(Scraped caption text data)
[Start of Attachment]
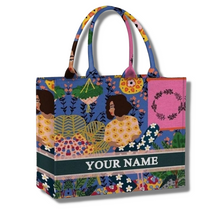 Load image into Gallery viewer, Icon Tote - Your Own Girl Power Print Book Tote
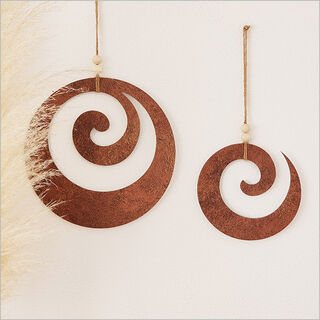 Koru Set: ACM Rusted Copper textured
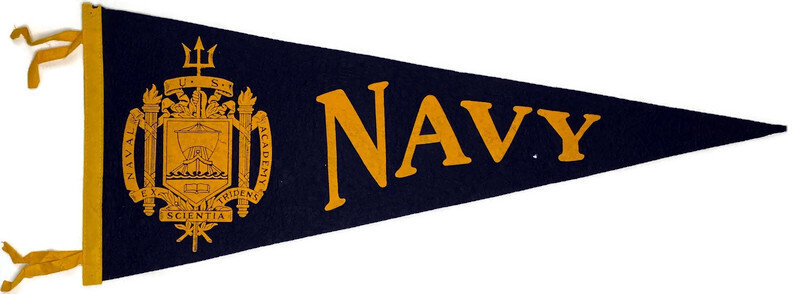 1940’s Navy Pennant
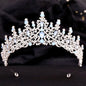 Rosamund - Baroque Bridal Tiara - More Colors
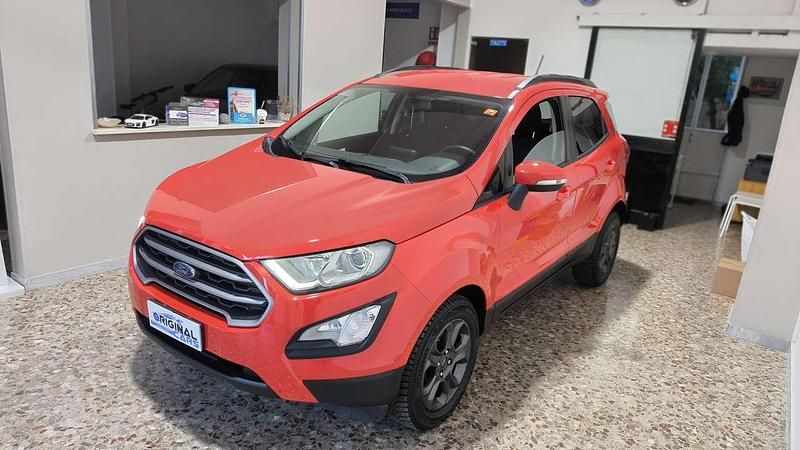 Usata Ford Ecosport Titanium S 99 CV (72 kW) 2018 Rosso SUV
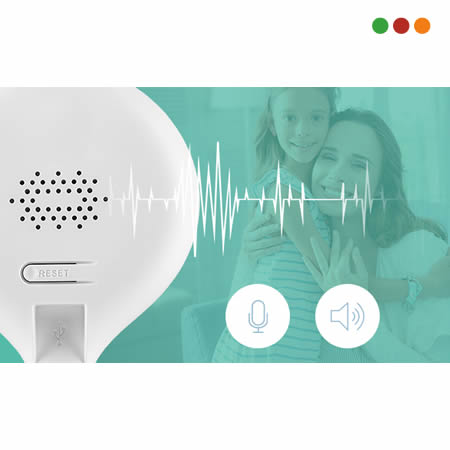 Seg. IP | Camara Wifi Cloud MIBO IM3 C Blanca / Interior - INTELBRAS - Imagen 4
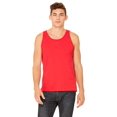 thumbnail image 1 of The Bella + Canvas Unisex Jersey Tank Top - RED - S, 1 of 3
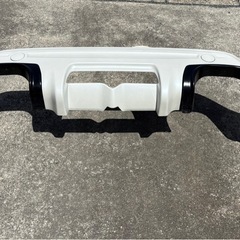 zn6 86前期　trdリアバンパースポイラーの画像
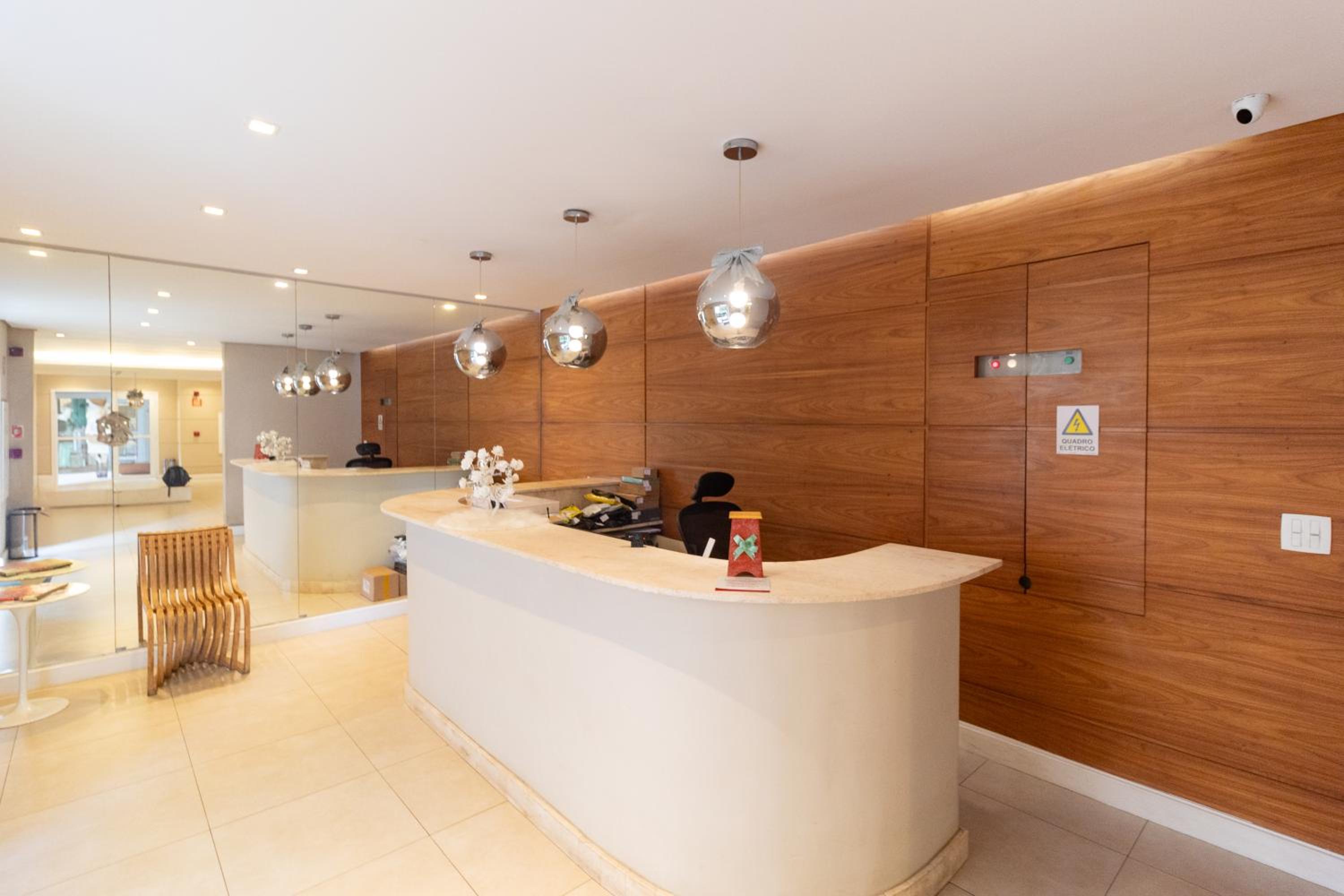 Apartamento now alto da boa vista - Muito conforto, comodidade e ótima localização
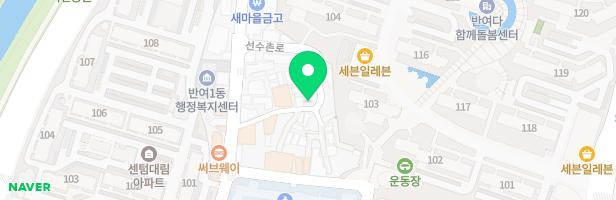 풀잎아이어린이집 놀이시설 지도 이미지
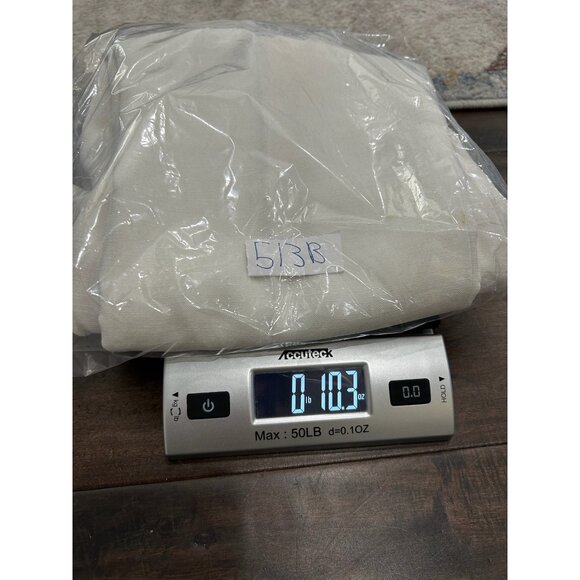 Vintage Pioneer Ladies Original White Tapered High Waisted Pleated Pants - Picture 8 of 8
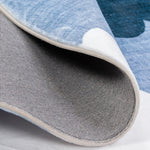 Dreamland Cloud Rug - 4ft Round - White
[End of Attachment]
[Start of Attachment]
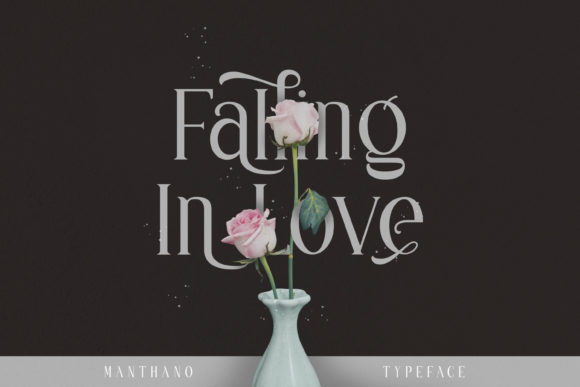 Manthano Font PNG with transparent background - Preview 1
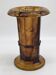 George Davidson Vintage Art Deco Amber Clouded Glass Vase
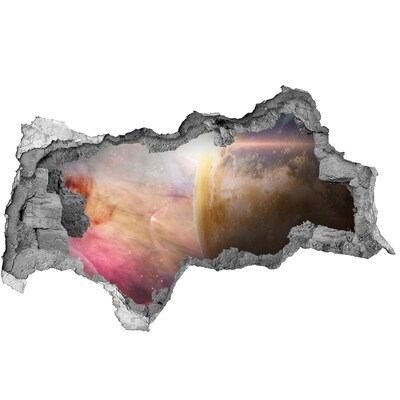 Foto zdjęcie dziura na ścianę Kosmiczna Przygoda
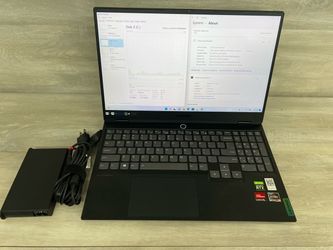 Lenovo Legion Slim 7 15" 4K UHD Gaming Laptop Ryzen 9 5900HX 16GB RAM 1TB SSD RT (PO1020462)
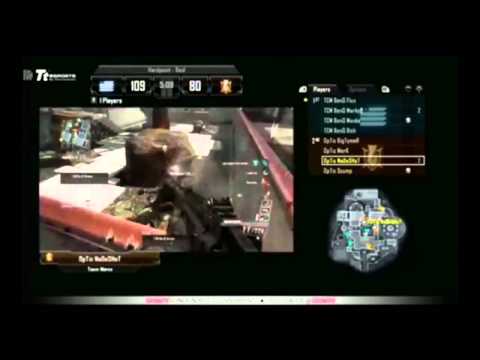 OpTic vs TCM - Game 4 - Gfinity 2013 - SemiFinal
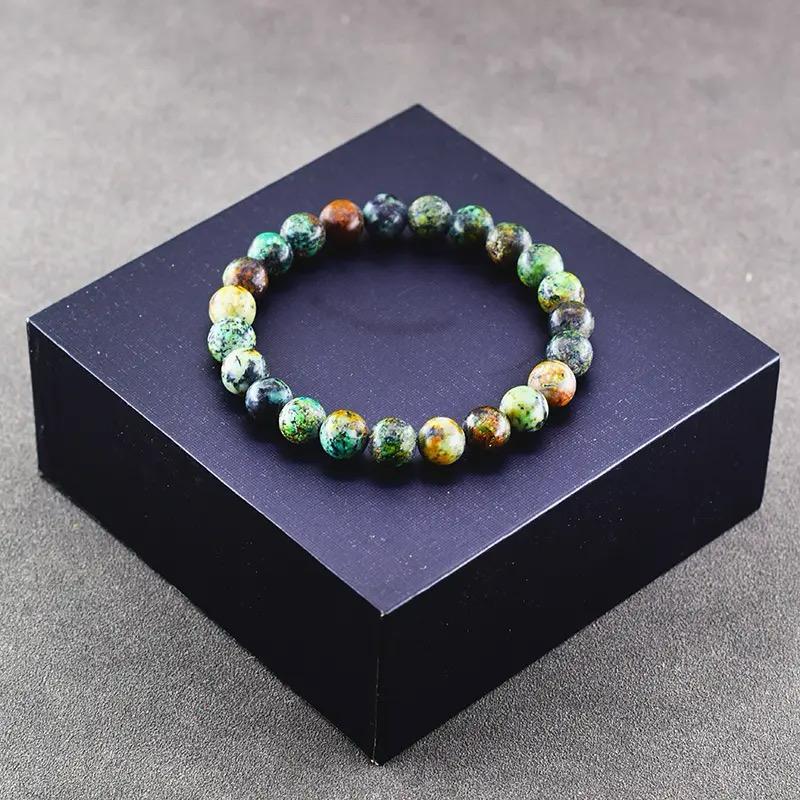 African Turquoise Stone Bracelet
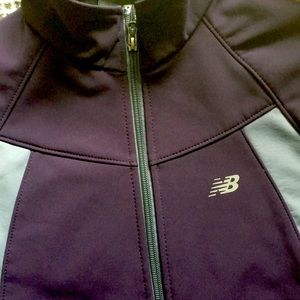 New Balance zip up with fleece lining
[End of Attachment]
### About this exercise
Print exactly the lines above that run from the one with "Load image into" down to the one with "풀잎아이어린이집 놀이시설 지도 이미지", and omit the pictures.

### Solution to this task
 Load image into Gallery viewer, Icon Tote - Your Own Girl Power Print Book Tote
 Koru Set: ACM Rusted Copper textured
 1940’s Navy Pennant
 Rosamund - Baroque Bridal Tiara - More Colors
 Usata Ford Ecosport Titanium S 99 CV (72 kW) 2018 Rosso SUV
 Seg. IP | Camara Wifi Cloud MIBO IM3 C Blanca / Interior - INTELBRAS - Imagen 4
 thumbnail image 1 of The Bella + Canvas Unisex Jersey Tank Top - RED - S, 1 of 3
 zn6 86前期　trdリアバンパースポイラーの画像
 Apartamento now alto da boa vista - Muito conforto, comodidade e ótima localização
 풀잎아이어린이집 놀이시설 지도 이미지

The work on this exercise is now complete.